Yes, this is a very serious problem indeed. The collusion of Indian sepoys with their western masters in promoting Hinduphobia through atrocity literature complicates the issue further. It will require decades of serious scholarship to dismantle this edifice of hate. The first step is to question their so-called scholarship and biases. I have been doing this for more than two decades now. It gives me some solace and satisfaction to see that a considerable segment of Indian diaspora has awakened to this constant demonization of their heritage, and is now willing to defend it against scholarly hatemongers. It is my life-long mission, my version of karmayoga, to fight constantly against the hateful demonization of Hindus, or Hinduphobia as I prefer to call it, through independent scholarship.

The second thing to do in parallel would be for us as a community to invest our time, effort and money in understanding our own tradition.

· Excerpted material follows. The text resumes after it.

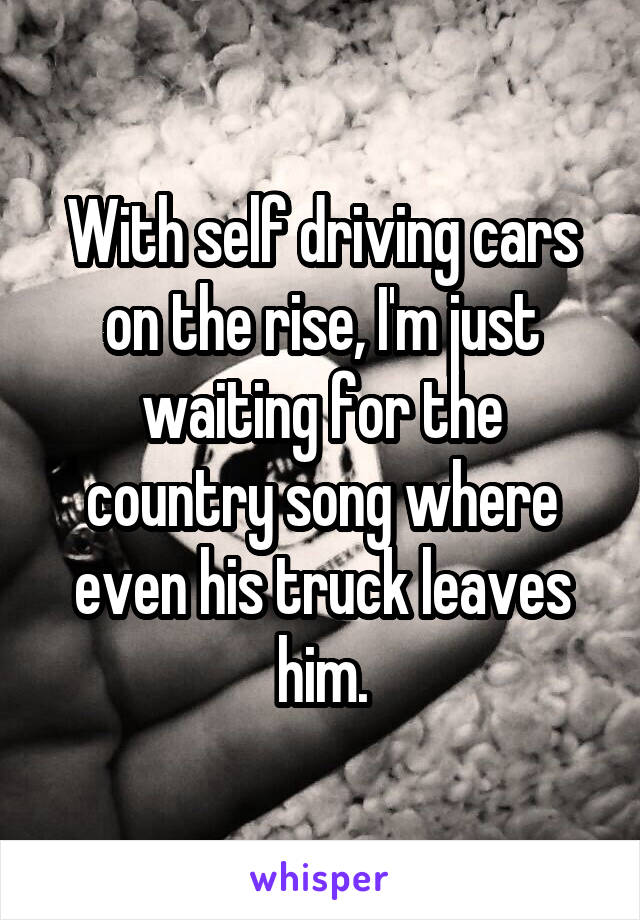 With self driving cars on the rise, I'm just waiting for the country song where even his truck leaves him.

This would involve a willingness to see our children get degrees in fields like the academic study of religion – something different from the usual engineering, medicine, law and economics majors.

Third, the Hindu diaspora will need to reassess its priorities. We have constructed thousands of beautiful temples all over the world. But, we risk these temples becoming museums within a few generations because we are not educating our children on what our culture truly means. No longer are our children willing to perform long rituals mechanically in a language they do not understand. Our tradition is very profound and meaningful, and it is a pity that we are not explaining its beauty to our children. It is heartening to see that some sampradayas within the Hindu diaspora are awakening to this need and are creating seminary-like institutions for training using very rigorous methods. But much, much more needs to be done. As a community, we tend to spend too much resources on melas, parties, non-educational events and rituals at the expense of the jnana based traditions.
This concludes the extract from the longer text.